The figure looming over both dramas is, of course, the billionaire paedophile and sexual abuser Jeffrey Epstein, whose dubious friendship with Andrew – and supposed introduction of the duke to Giuffre – sparked the whole affair off. In Scoop, Epstein is only depicted briefly, during his notorious walk in Central Park with Andrew in 2010; the scene that opens the show, shot and edited like a thriller, depicts Connor Swindells’ intrepid photographer Jae Donnelly racing to get the famous picture of the two men together, thereby proving that Andrew and Epstein’s friendship had continued long after Epstein’s 2008 conviction for sexual offences. 

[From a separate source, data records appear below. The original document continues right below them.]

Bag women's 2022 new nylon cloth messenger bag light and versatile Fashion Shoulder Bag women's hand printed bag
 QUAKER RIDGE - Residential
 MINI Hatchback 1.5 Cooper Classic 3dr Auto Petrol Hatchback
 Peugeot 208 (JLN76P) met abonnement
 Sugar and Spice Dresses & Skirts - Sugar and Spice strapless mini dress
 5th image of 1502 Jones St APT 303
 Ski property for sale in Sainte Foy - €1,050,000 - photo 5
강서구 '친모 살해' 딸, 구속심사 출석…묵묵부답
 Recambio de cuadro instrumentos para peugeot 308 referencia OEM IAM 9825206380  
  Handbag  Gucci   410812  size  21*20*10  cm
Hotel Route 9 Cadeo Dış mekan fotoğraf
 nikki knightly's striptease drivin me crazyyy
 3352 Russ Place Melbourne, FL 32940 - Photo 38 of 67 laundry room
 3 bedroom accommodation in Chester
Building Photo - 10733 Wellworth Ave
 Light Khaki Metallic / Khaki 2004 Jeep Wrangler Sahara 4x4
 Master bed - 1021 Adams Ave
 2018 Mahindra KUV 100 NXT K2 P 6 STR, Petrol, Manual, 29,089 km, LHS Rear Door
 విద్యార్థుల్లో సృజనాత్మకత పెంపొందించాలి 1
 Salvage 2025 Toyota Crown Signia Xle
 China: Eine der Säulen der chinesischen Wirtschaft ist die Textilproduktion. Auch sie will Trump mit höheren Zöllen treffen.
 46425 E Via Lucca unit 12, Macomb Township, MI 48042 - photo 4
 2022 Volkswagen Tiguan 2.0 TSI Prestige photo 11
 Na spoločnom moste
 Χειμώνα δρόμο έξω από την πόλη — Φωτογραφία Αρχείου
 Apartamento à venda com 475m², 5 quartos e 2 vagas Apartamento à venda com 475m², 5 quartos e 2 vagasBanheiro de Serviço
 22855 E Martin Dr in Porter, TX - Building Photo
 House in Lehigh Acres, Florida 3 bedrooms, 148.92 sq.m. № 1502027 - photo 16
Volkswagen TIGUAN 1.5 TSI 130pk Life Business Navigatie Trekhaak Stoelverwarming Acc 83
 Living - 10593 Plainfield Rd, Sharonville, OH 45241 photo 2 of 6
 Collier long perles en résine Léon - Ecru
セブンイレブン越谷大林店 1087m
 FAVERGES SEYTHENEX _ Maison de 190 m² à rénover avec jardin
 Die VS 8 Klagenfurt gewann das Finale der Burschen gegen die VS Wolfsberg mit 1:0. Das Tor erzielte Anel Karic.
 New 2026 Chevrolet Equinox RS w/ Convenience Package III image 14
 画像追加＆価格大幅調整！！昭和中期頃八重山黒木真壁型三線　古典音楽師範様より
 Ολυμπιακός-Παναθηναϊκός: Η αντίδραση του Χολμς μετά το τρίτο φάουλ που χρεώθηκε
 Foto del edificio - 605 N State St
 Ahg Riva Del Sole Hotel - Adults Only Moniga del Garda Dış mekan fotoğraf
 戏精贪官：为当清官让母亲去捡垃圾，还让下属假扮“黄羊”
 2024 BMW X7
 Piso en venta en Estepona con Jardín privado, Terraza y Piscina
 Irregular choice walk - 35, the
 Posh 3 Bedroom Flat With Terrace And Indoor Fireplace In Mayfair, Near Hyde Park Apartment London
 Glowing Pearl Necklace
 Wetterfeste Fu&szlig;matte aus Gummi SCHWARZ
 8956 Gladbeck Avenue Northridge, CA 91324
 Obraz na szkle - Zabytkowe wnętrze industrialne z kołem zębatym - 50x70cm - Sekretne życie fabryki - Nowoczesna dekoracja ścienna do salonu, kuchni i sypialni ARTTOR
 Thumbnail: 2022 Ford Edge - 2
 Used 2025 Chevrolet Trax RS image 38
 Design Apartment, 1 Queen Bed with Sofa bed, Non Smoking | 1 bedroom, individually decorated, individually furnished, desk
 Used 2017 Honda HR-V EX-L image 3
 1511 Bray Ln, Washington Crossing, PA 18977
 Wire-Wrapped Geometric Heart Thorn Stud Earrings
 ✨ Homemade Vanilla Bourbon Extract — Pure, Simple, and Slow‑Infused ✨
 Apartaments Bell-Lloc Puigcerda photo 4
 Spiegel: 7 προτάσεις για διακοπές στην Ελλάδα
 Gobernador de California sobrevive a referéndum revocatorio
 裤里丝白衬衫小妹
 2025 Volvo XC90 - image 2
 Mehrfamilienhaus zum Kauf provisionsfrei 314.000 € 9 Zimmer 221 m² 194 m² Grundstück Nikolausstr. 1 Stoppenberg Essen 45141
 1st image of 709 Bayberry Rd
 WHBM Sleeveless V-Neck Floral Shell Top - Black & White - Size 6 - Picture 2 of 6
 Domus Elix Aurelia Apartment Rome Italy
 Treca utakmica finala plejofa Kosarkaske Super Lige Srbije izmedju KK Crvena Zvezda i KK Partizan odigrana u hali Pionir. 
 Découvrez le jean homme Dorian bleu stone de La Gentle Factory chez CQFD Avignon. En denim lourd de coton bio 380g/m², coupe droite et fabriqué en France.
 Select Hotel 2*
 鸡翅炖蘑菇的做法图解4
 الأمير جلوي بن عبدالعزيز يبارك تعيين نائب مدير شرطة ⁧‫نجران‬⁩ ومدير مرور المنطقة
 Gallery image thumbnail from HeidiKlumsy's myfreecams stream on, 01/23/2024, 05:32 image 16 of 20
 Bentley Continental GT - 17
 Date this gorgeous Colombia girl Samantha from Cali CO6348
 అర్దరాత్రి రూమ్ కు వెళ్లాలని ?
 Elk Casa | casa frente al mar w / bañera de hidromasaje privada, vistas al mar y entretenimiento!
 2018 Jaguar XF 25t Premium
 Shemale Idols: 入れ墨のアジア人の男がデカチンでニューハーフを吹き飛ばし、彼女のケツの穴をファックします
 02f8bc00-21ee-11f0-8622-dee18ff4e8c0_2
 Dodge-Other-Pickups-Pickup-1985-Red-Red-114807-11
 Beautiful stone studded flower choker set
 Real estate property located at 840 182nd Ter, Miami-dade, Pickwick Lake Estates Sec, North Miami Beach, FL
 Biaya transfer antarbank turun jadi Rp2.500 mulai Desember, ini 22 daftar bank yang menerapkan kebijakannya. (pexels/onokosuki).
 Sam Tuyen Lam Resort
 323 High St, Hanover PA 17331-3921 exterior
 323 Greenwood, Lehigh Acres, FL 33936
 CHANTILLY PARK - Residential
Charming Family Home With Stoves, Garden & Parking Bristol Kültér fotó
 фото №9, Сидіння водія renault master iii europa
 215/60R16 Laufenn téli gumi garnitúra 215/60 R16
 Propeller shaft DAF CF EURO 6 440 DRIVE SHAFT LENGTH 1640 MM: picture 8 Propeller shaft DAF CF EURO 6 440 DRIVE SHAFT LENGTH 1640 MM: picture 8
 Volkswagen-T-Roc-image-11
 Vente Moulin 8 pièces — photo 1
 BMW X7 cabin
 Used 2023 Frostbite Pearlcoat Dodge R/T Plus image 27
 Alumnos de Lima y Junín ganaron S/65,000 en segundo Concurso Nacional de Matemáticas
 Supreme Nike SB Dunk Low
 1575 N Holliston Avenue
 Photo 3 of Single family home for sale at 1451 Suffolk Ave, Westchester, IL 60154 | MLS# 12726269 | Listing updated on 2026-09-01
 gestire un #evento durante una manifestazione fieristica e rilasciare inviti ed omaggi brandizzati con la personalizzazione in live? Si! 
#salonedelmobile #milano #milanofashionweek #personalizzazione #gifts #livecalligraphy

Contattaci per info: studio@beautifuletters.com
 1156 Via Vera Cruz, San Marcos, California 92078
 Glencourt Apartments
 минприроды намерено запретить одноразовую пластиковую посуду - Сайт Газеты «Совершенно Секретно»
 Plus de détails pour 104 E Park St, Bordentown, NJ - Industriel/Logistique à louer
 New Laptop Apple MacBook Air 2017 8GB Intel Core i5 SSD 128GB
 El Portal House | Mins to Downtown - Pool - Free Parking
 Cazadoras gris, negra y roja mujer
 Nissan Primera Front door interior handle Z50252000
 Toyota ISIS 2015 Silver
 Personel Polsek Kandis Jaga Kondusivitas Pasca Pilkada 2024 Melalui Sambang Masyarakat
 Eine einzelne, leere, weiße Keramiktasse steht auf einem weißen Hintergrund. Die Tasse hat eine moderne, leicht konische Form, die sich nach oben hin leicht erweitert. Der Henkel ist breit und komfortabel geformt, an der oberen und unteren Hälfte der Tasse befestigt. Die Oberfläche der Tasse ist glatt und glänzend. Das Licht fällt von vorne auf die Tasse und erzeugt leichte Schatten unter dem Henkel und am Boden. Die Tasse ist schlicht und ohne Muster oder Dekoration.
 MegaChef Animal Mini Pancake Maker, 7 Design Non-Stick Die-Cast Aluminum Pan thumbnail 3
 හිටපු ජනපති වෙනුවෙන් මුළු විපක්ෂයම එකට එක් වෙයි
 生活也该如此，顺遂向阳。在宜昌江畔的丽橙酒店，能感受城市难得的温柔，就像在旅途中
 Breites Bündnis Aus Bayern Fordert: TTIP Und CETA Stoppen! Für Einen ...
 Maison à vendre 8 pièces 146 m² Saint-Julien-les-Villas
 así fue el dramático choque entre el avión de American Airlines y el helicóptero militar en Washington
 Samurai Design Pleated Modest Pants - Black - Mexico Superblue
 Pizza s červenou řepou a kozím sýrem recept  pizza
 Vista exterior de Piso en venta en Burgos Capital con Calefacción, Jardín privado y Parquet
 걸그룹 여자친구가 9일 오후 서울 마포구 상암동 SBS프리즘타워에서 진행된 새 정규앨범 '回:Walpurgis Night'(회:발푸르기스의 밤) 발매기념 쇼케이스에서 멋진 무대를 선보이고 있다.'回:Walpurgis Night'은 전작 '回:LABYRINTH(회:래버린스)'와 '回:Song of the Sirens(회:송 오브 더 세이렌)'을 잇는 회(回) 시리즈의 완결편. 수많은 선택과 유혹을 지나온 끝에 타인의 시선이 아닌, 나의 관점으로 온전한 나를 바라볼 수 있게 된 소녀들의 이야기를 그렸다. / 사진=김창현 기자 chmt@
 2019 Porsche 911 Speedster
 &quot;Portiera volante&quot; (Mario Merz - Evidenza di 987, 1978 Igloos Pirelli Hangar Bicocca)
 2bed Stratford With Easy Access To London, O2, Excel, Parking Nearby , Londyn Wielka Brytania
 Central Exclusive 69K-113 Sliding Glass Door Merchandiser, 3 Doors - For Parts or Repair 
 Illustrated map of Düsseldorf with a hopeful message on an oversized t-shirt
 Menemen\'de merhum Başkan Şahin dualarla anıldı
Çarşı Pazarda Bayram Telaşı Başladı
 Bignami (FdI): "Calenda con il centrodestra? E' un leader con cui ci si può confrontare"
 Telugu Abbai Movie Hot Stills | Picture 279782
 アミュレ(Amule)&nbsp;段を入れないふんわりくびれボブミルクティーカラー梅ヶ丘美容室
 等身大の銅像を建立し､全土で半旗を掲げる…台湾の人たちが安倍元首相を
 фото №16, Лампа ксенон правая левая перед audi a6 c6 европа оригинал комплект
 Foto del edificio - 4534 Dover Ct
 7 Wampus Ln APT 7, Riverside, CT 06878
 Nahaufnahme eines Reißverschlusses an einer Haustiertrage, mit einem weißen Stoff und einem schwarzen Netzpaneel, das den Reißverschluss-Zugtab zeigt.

Although the incident is shown in A Very Royal Scandal, Donnelly does not appear. Instead, Epstein himself features as a character, in a chilling, fictionalised scene in which Andrew approaches him cap-in-hand to ask for money to pay off Fergie’s debts. Epstein obliges and offers him the cash as a gift – “It’s done” – but in return, he “suggests” that Andrew remain as his guest in his New York mansion for several days, with a view to meeting many of Epstein’s influential friends and supporters. The content of that scene is from the imagination of writer Jeremy Brock, but the implication is that Andrew was both too stupid and too venal to extricate himself from Epstein’s malign web of influence, and that this ended up being the central plank of his downfall.